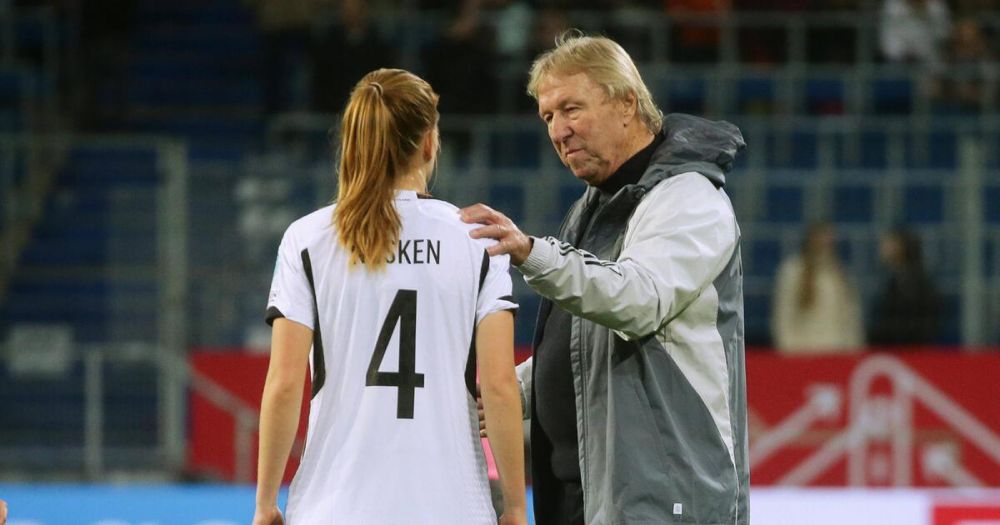 Auch Hrubesch kann nicht zaubern: DFB-Frauen mit altbekannten Problemen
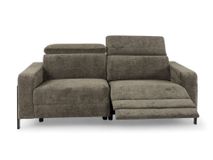 3-zit NAPELS - Donkergroen C-HEH-NAP-3Z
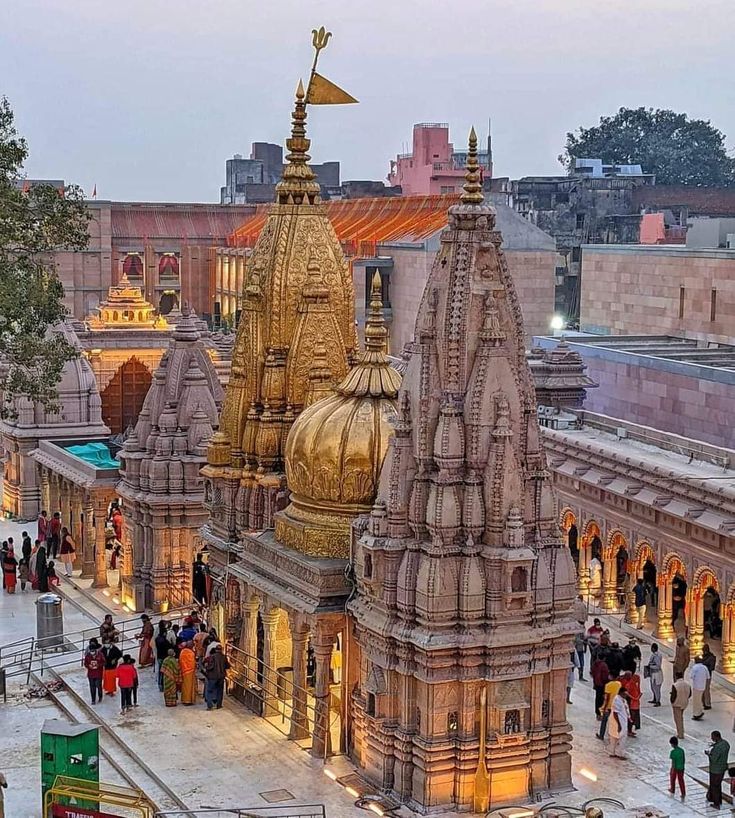 Varanasi Kashi Ayodhya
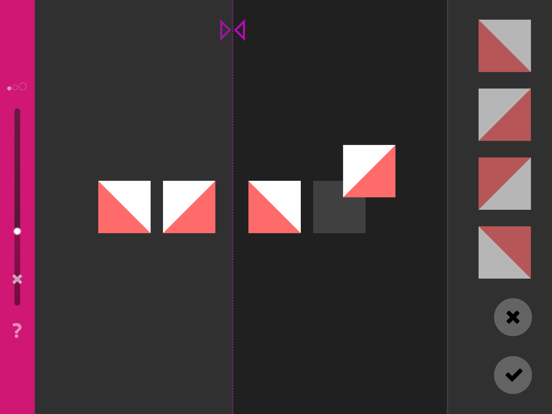 LOGO 7: Symmetries iPad screenshot
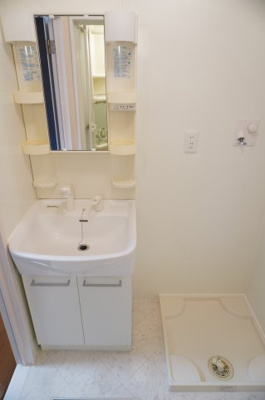 【洗面所】 | ウィル・K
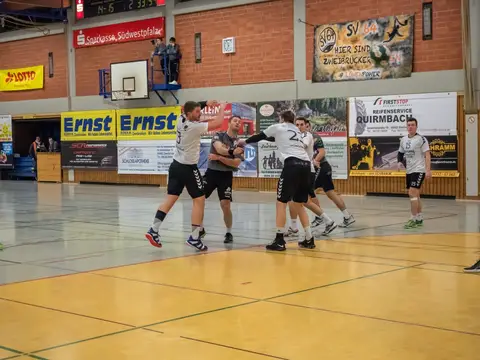 SV 64 H1 - SG Saulheim 20.01.19, Foto 18 von 83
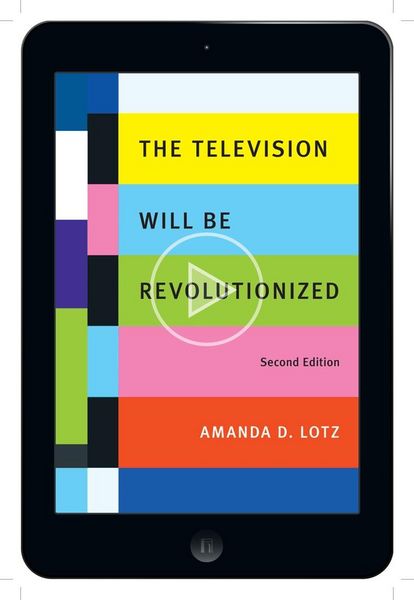 Produktbild: The Television Will Be Revolutionized, Second Edition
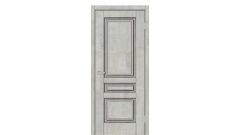 Interior doors Omis Montreal PG cement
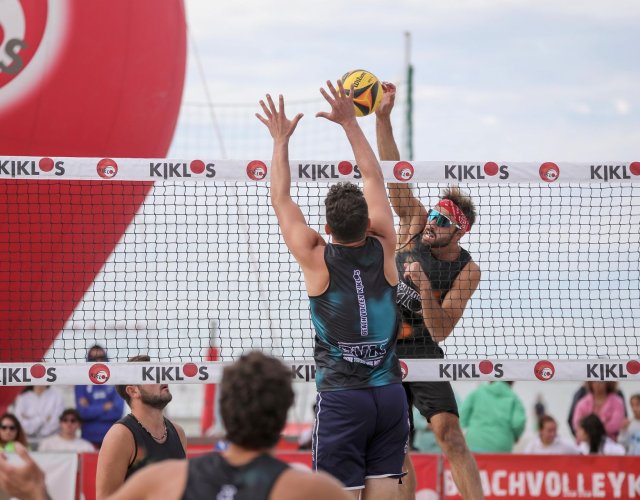 13° BEACH VOLLEY KIKLOS SETTEMBRE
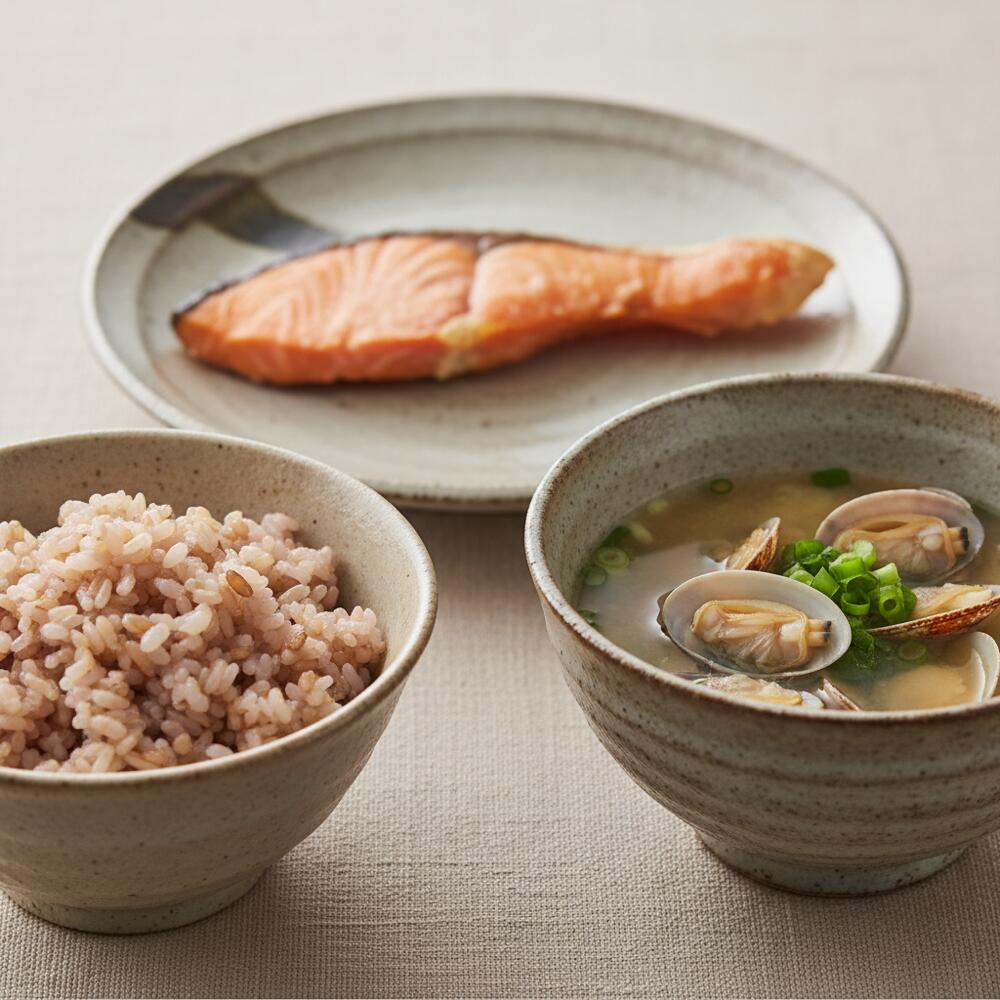 40代からの食生活：疲れが取れないあなたへ贈る、心と体を整えるヒント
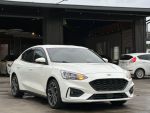 2019 Ford Focus僅跑4萬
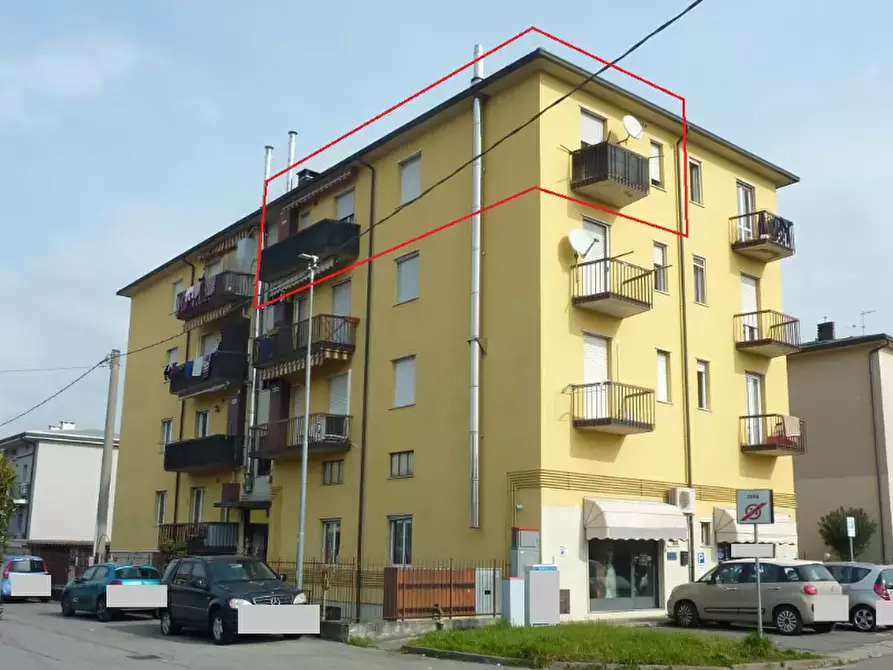 appartamento in vendita a Comun Nuovo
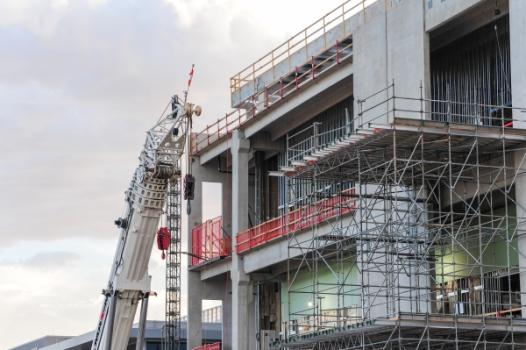Building in Arizona’s Data Center Boom: How Federal Executive Orders, State Regulation, and National-Security Policy Are Reshaping the Rules for Developers Data Center Under Construction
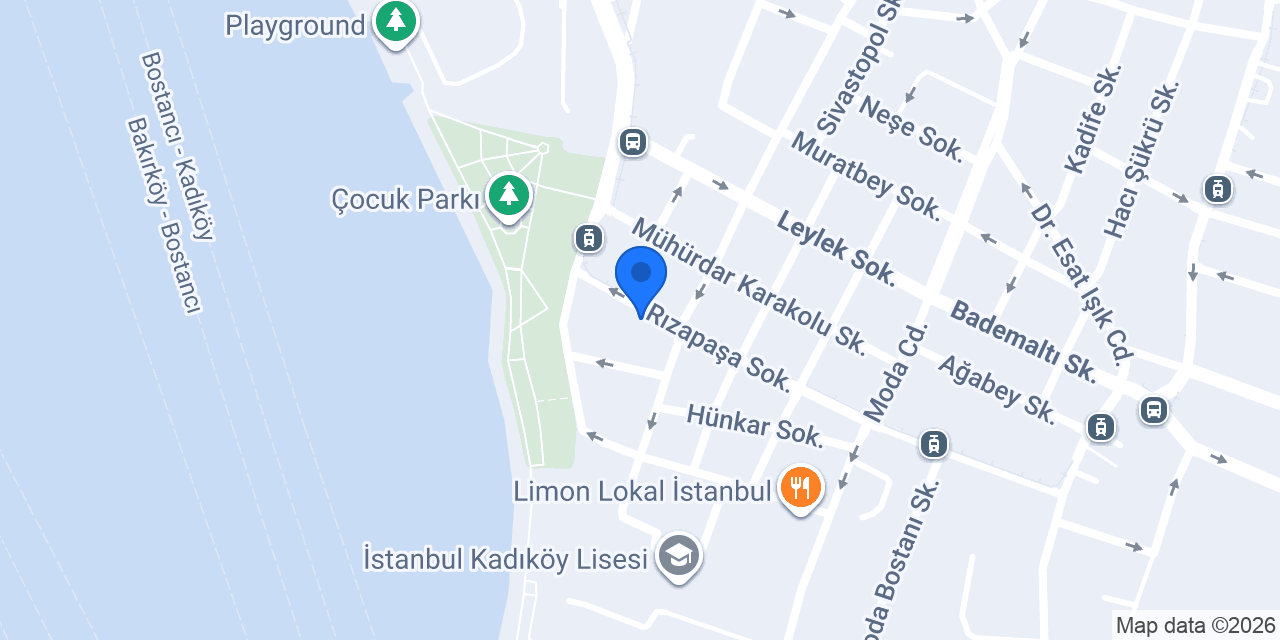 Miesha Ottoman konumu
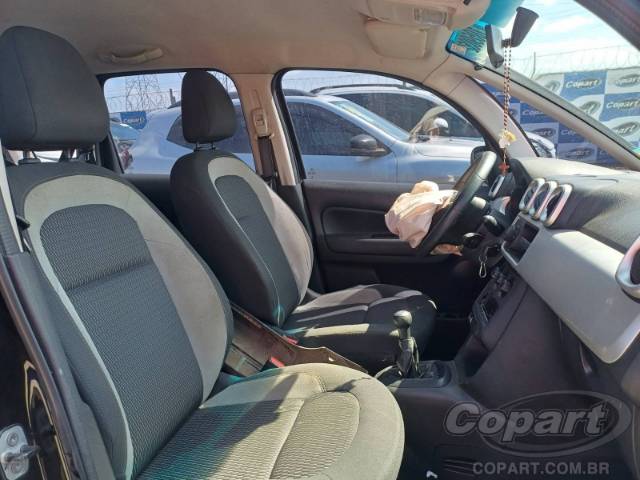 2016 CITROEN AIRCROSS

**What to produce:** Would you copy out all the data exactly, without the images?

**Solution for this exercise:**
 Auch Hrubesch kann nicht zaubern: DFB-Frauen mit altbekannten Problemen
 3-zit NAPELS - Donkergroen C-HEH-NAP-3Z
 Varanasi Kashi Ayodhya
 LOGO 7: Symmetries iPad screenshot
 【洗面所】 | ウィル・K
 SV 64 H1 - SG Saulheim 20.01.19, Foto 18 von 83
 Produktbild: The Television Will Be Revolutionized, Second Edition
 Interior doors Omis Montreal PG cement
 13° BEACH VOLLEY KIKLOS SETTEMBRE
 40代からの食生活：疲れが取れないあなたへ贈る、心と体を整えるヒント
 2019 Ford Focus僅跑4萬
 appartamento in vendita a Comun Nuovo
Building in Arizona’s Data Center Boom: How Federal Executive Orders, State Regulation, and National-Security Policy Are Reshaping the Rules for Developers Data Center Under Construction
 Miesha Ottoman konumu
 2016 CITROEN AIRCROSS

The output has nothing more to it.